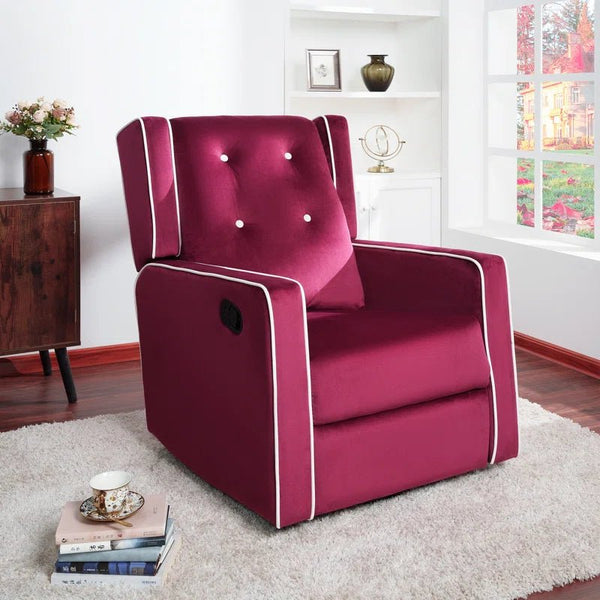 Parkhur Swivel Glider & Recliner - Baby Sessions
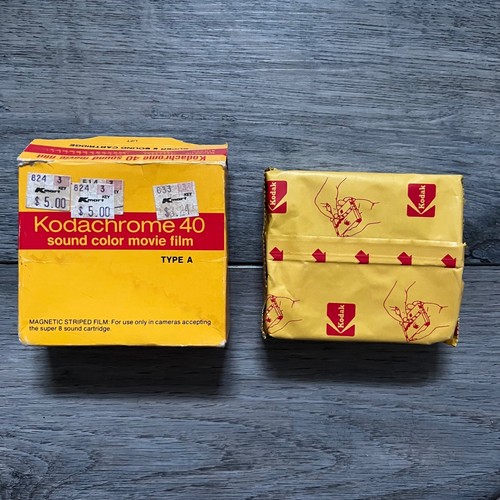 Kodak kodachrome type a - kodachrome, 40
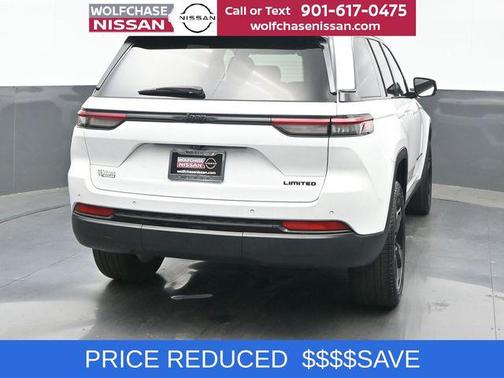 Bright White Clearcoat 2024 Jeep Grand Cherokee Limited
__________
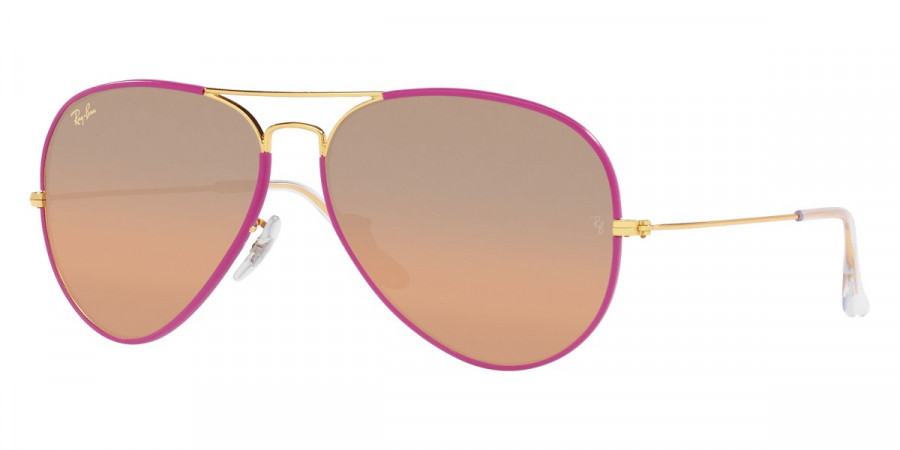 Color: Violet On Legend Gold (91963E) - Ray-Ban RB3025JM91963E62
__________
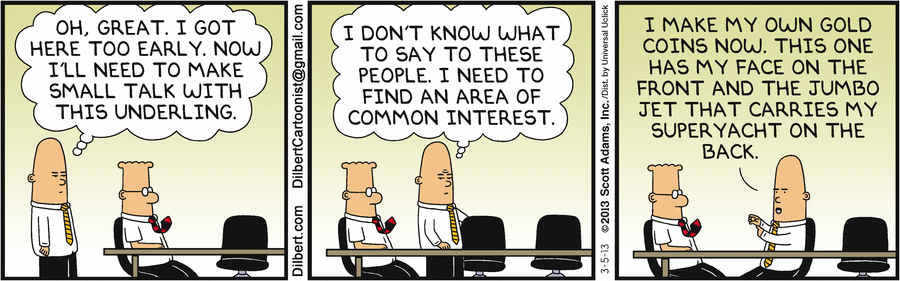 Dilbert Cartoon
__________
> Task to complete
Copy exactly the part of the material above that opens with the line containing "Kodak kodachrome type a - kodachrome, 40" and closes with the line containing "Bright White Clearcoat", ends included. Drop the images.

> Result of the exercise
 Kodak kodachrome type a - kodachrome, 40
 Bright White Clearcoat 2024 Jeep Grand Cherokee Limited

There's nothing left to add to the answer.